Competition Commission: The task ahead
Wasi Ahmed | Published:
March 29, 2016 20:05:27
October 25, 2017 02:45:04
Finally, there is something on the proposed Competition Commission. News reports say that the Bangladesh Competition Commission (BCC), the newly designated entity to look after various kinds of market scheming affecting consumers is expected to start functioning from next month with the appointment of its chairperson and members. Finding the right persons to run an organisation such as the Competition Commission is no doubt very important, but this must not be seen as the final, not even a good starting step, in having the commission operational. For, all it takes for the commission to run effectively is befitting organisational set-up equipped with a core group of competent manpower capable of analysing market reactions and responses on a regular basis and take measures in accordance with the law.
The very idea prompting enactment of competition laws and commissions is one and the same across the globe in that the purpose is to eliminate practices having adverse effect on competition, promote and sustain competition, protect the interests of consumers and ensure freedom of trade in the markets. While curbing syndicated monopoly in times of sudden fluctuation in prices of commodities is a prime mandated activity of the competition commissions all over the world, the main tools required are human and related resources to effectively prevail upon the situation. It is here that the commission will have to assume the role of a watchdog.

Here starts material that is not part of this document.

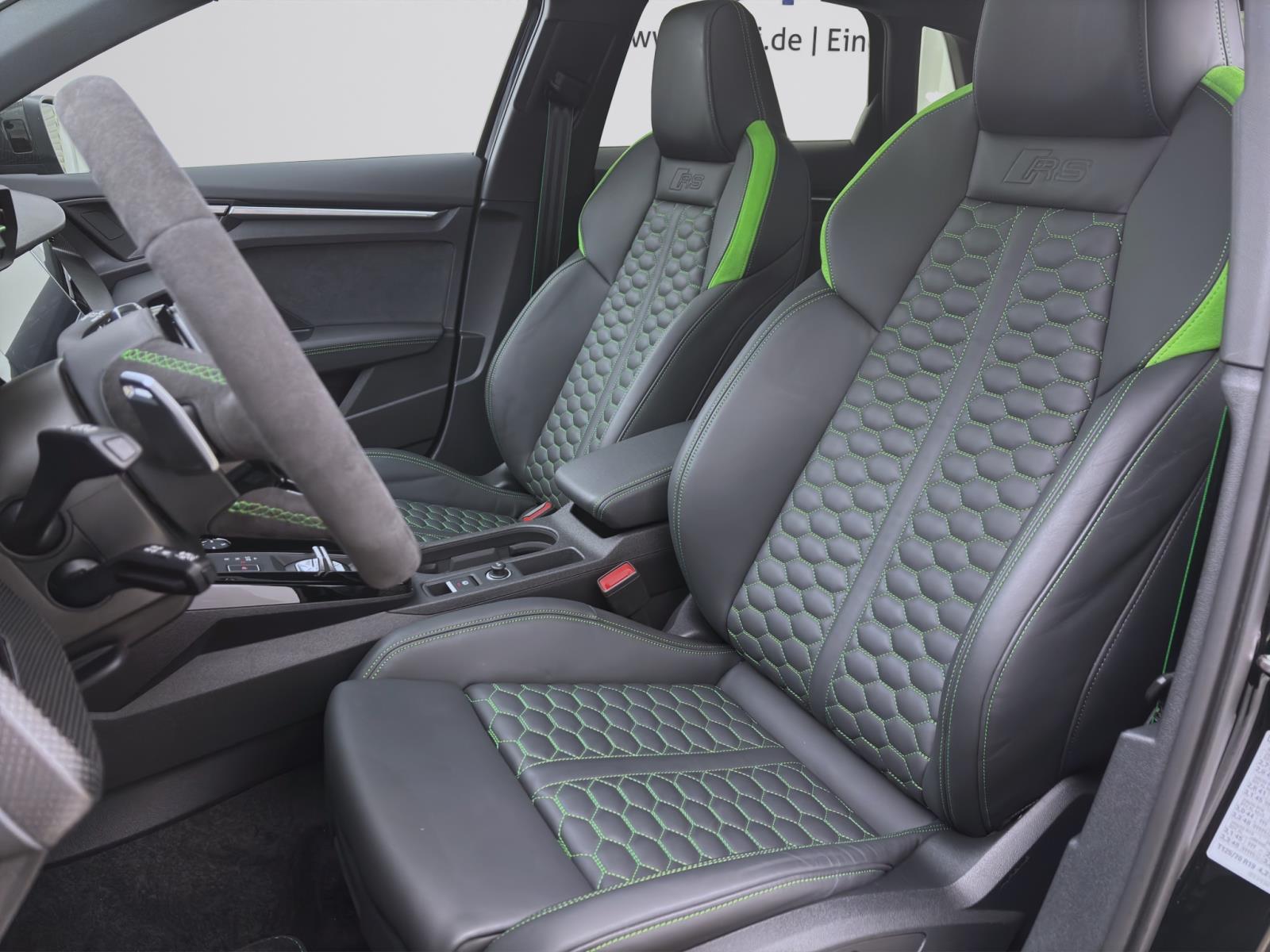 Audi RS3 Sportback PANO ACC MATRIX B&O HuD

The commission is also required to give opinion on competition issues on reference received from other agencies established under law and to undertake competition advocacy, create public awareness and impart training on competition issues. The Indian Supreme Court in response to a civil appeal in 2010 clearly spelt out the role and functions of the Competition Commission in India, which may be applicable in most countries, including ours. According to the judgment, the main objective is "to promote economic efficiency using competition as one of the means of assisting the creation of market responsive to consumer needs and preferences. The advantages of perfect competition are three-fold: allocative efficiency which ensures the effective allocation of resources, productive efficiency which ensures that costs of production are kept at a minimum, and dynamic efficiency which promotes innovative practices."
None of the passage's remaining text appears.